J. B. Pontes (*)
As empresas multinacionais, em conluio com brasileiros entreguistas, aproveitam-se da presença de um gestor de plantão que odeia os indígenas e de um Congresso Nacional comprometido com os interesses do grande capital, para aumentarem a pressão pela liberação da mineração nas terras dos povos originários.
Com a guerra Rússia-Ucrânia, todos estão mais eufóricos, pois encontraram a desculpa que precisavam para avançar sobre os territórios dos indígenas, onde os empresários exploradores e o governo esperam obter grandes lucros, pouco importando os prejuízos que causarão a esses povos.
Para que querem liberar a mineração? A resposta é simples: para o mesmo que fizeram e fazem com os minérios da Amazônia e do Brasil, ou seja, levá-los in natura para os seus países de origem, para lá manterem as indústrias, gerar renda e empregos.
Quais os benefícios que isso trará para os indígenas? Analisemos um caso concreto: a Mina do Pitinga, no Amazonas, uma extraordinária reserva de cassiterita (minério de estanho), explorada há 40 anos, que, quando descoberta, situava-se no coração da reserva indígena Waimiri-Atroari, que tem, ainda, nióbio, tântalo, zirconita, criolita e xenotina.
As controvérsias começaram no início da lavra e envolveram corrupção no então DNPM – Departamento Nacional da Produção Mineral, sonegação de contribuições, pagamento de propina para garantir a manutenção do monopólio da produção de estanho no Brasil etc.
Descoberta pela então estatal CPRM – Companhia de Pesquisa de Recursos Minerais, logo o regime militar concedeu gentilmente cinco alvarás de pesquisa sobre a área à empresa Mineração Taboca Ltda, do grupo Paranapanema, posteriormente vendido à peruana Minsur, em 2008. Esclareça: quando da demarcação da reserva Waimiri-Atroari, a área dessa mina ficou fora. Mas a reserva sofre com a degradação ambiental dos seus rios e igarapés causada pelo vazamento dos rejeitos da mina.
De 2008 a 2011, foi destinado à mitigação desses danos ambientais o equivalente a 0,4% do faturamento na região. Na realidade, o que fica para o povo local são estradas esburacadas, ameaçadoras barragens de rejeitos e áreas devastadas. E a morte. É o que sentiu na pele o povo Waimiri-Atroari.
Desde o descobrimento, os indígenas foram vítimas de constantes ataques e esbulhos de suas terras. Por isso, a Constituição de 1988 garantiu (artigos 231 e 232) a propriedade originária sobre as terras por eles ocupadas, atribuindo à União o dever de demarcá-las, proteger e fazer respeitar todos os seus bens.
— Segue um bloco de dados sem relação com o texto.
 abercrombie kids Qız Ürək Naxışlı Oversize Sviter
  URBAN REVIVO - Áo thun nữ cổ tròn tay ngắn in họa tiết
Além disso, organizações internacionais das quais o Brasil faz parte, a exemplo da OIT e da ONU, afirmam o direito à autodeterminação dos povos indígenas e o dever dos estados nacionais realizarem consulta prévia, livre e informada, em caso de medidas legislativas ou administrativas que os afetem.
Defendemos, por isso, que o Congresso Nacional não tem legitimidade para legislar sobre assuntos de interesse dos indígenas. No caso da mineração, cabe aos próprios coletivos representativos dos povos indígenas decidir e formular as normas que deverão nortear o seu aproveitamento.
Ao Parlamento compete tão somente referendá-las. No caso de emendas, as normas devem voltar à apreciação dos indígenas.
Ao Poder Executivo compete tão somente deflagrar o processo de consulta e dar suporte financeiro ao trabalho dos coletivos indígenas.
Quem sabe assim a mineração sirva para melhorar a vida dos povos indígenas.